Cofilin promotes tau pathology in Alzheimer’s disease
Mingmin Yan, Li Tang, Lijun Dai, Chun‐Tao Lei, Min Xiong, Xingyu Zhang, Mingyang He, Ye Tian, Jing Xiong, Wei Ke, Zhaohui Zhang, Zhaohui Zhang, Chun Zhang, Xiaorong Deng, Zhentao Zhang, Zhentao Zhang
Abstract
The molecular mechanisms mediating the aggregation and transmission of tau in AD remain unclear. Here, we show that the actin-binding protein cofilin is cleaved by a cysteine protease asparagine endopeptidase (AEP) at N138 in the brains of patients with AD. The AEP-generated cofilin 1-138 fragment interacts with tau and promotes its aggregation.

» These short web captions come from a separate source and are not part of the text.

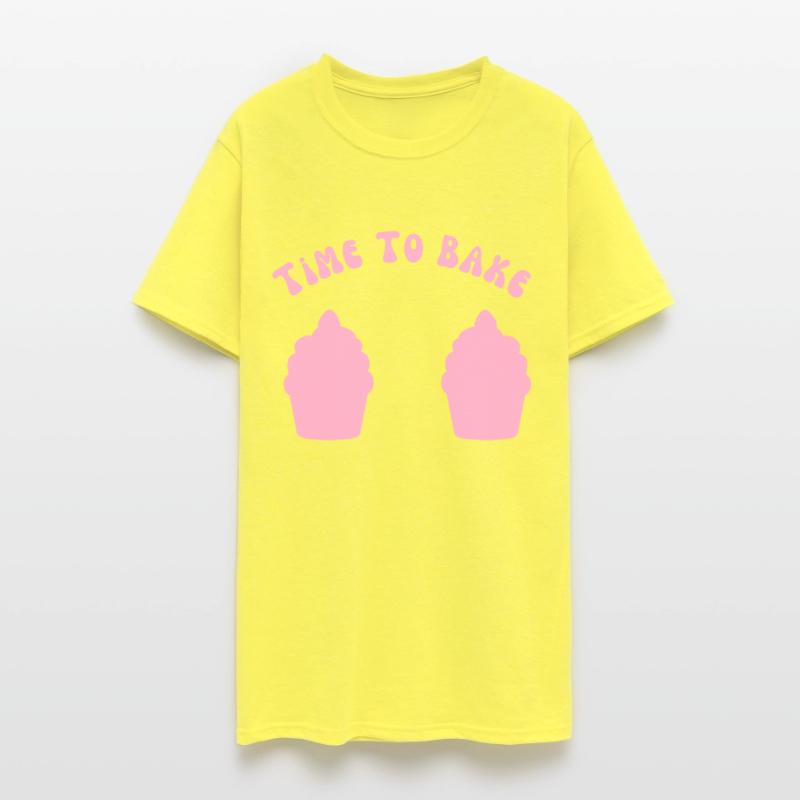 Time To Bake Witty Baker Funny Cupcakes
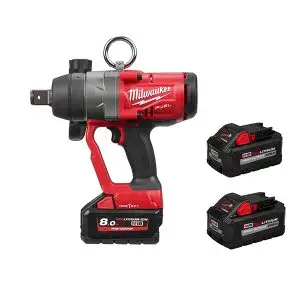 AKU UDARNI ODVIJAČ 1” 2400NM 18V/8AH LI-ION + DVIJE BATERIJE ONEFHIWF1-802X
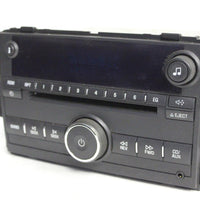 2006-2008 CHEVY MONTE CARLO IMPALA RADIO  STEREO CD  PLAYER AUX IN - BIGGSMOTORING.COM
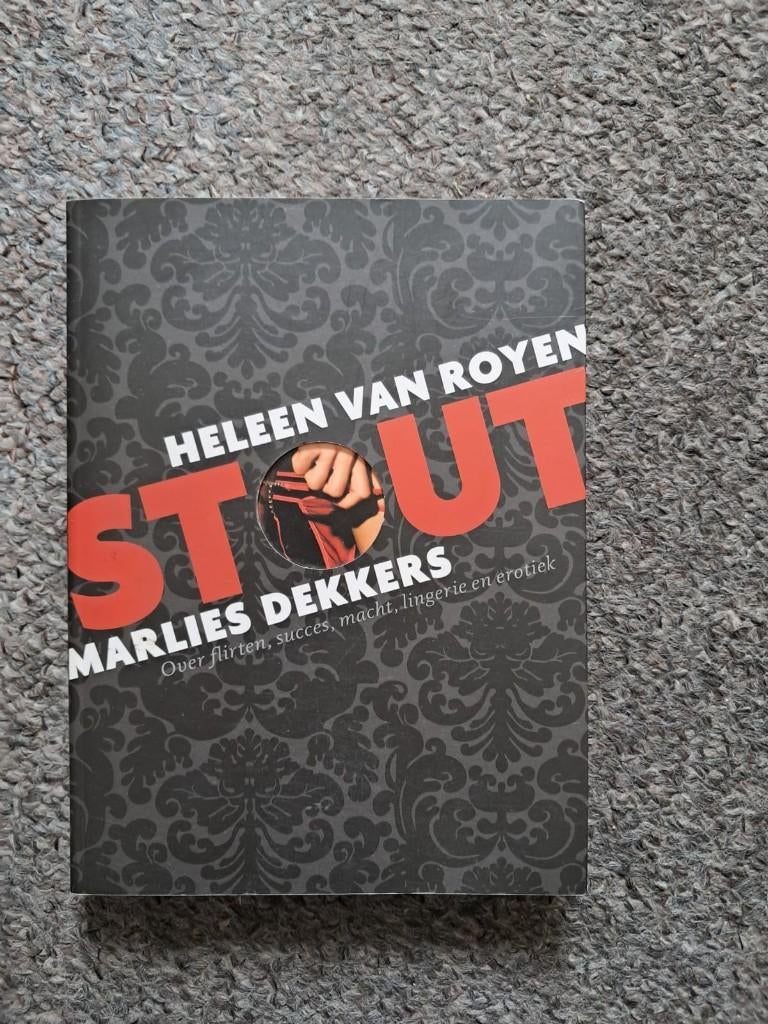 Stout/Marlies Dekkers, Ophalen of Verzenden, Zo goed als nieuw, Marlies Dekkers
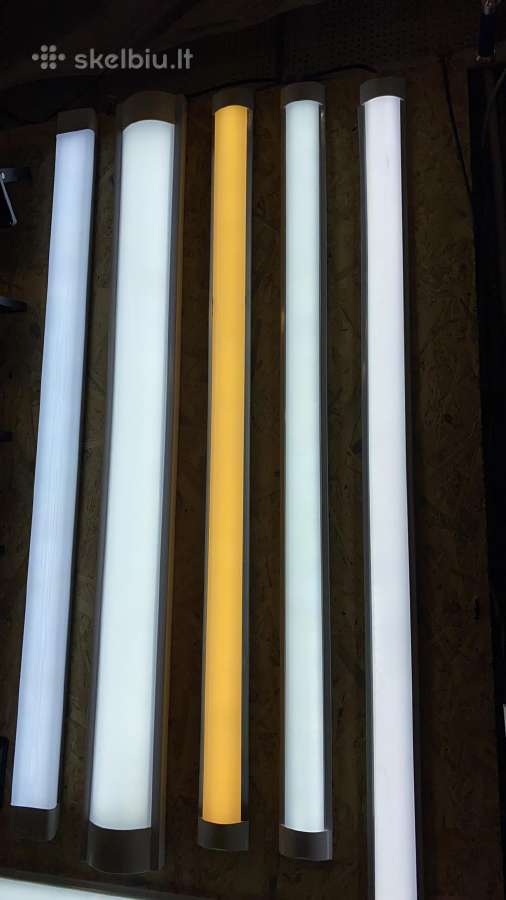 LED Lauko Sviestuvai - nuotraukos Nr. 3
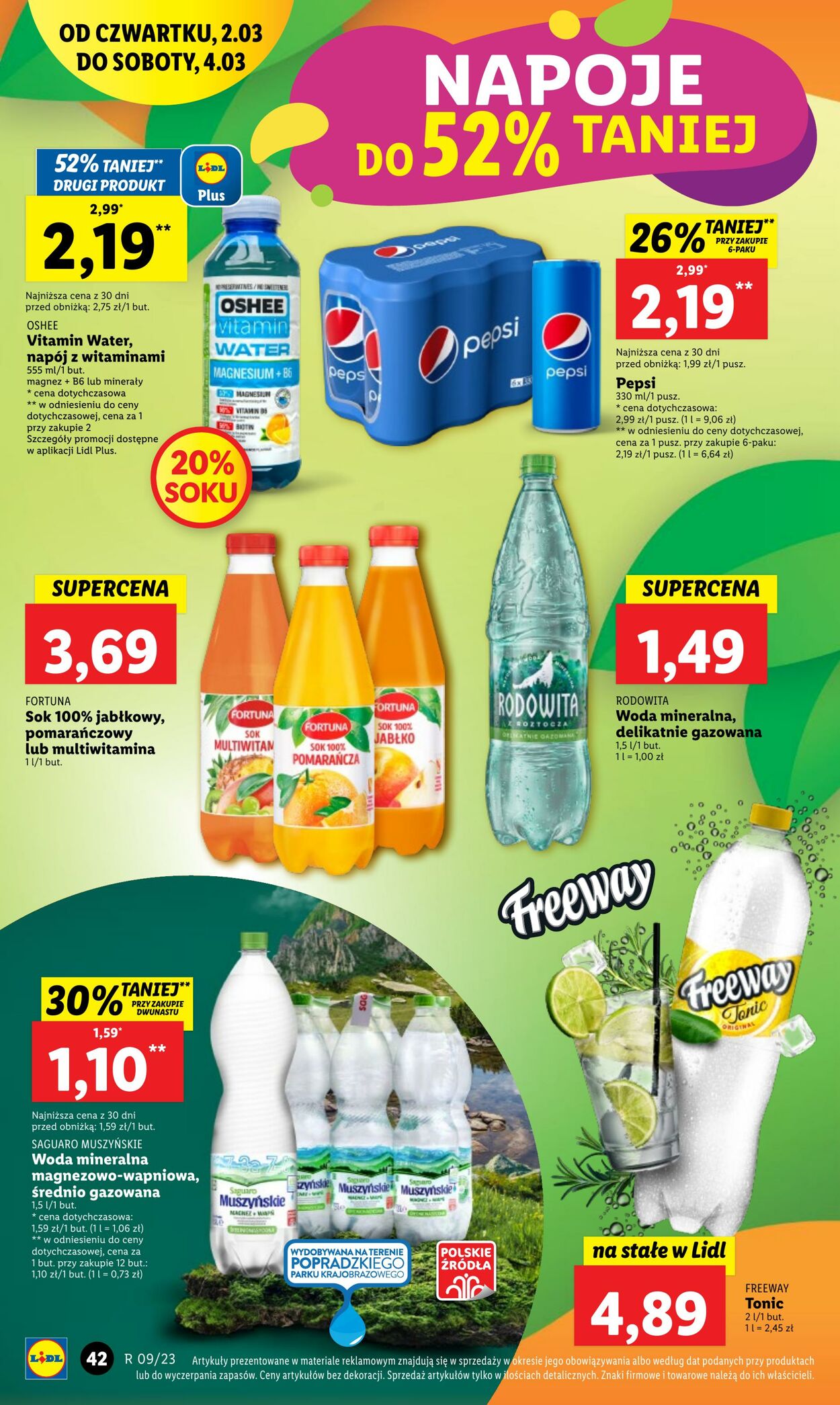 Gazetka Lidl 02.03.2023 - 04.03.2023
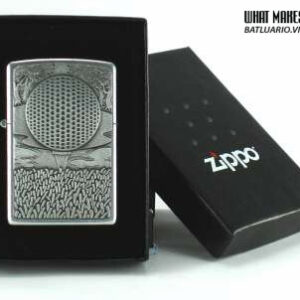 Zippo 21029 - Zippo 19th Hole Emblem Street Chrome 7 Zippo 21029 – Zippo 19th Hole Emblem Street Chrome 2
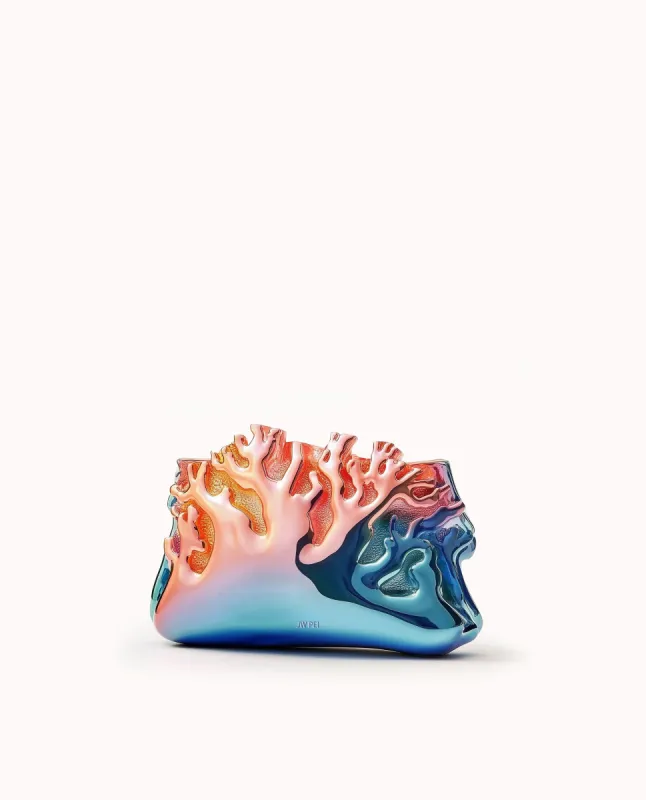 Sophia Liquid Clutch - Multicolor sold by JW PEI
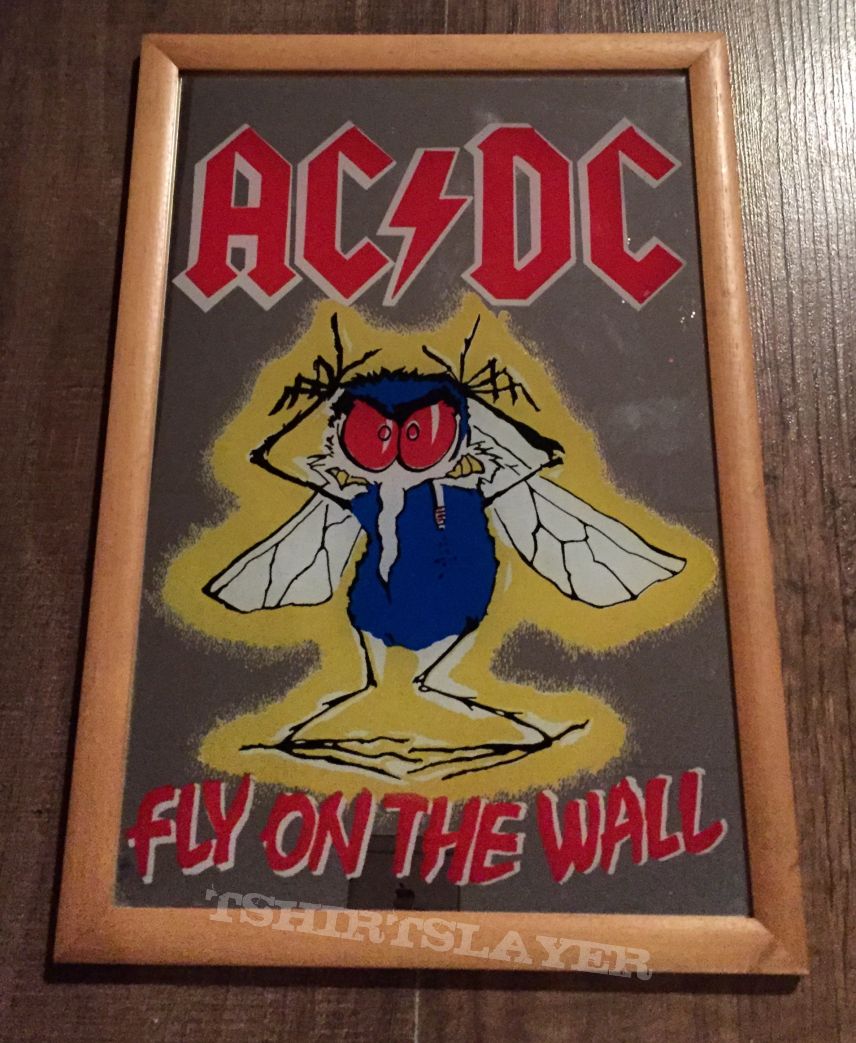 Ac/dc mirror fly on the wall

The mixed fibrils consisting of cofilin 1-138 and tau are more pathogenic to cells than pure tau fibrils. Furthermore, overexpression of cofilin 1-138 in the brain facilitates the propagation of pathological tau aggregates and promotes AD-like cognitive impairments in tau P301S mice. However, mice infected with adeno-associated viruses (AAVs) encoding an AEP-uncleavable cofilin mutant show attenuated tau pathology and cognitive impairments compared with mice injected with AAVs encoding wild-type cofilin. Together, these observations support the role of the cofilin 1-138 fragment in the aggregation and transmission of tau pathology during the onset and progression of AD.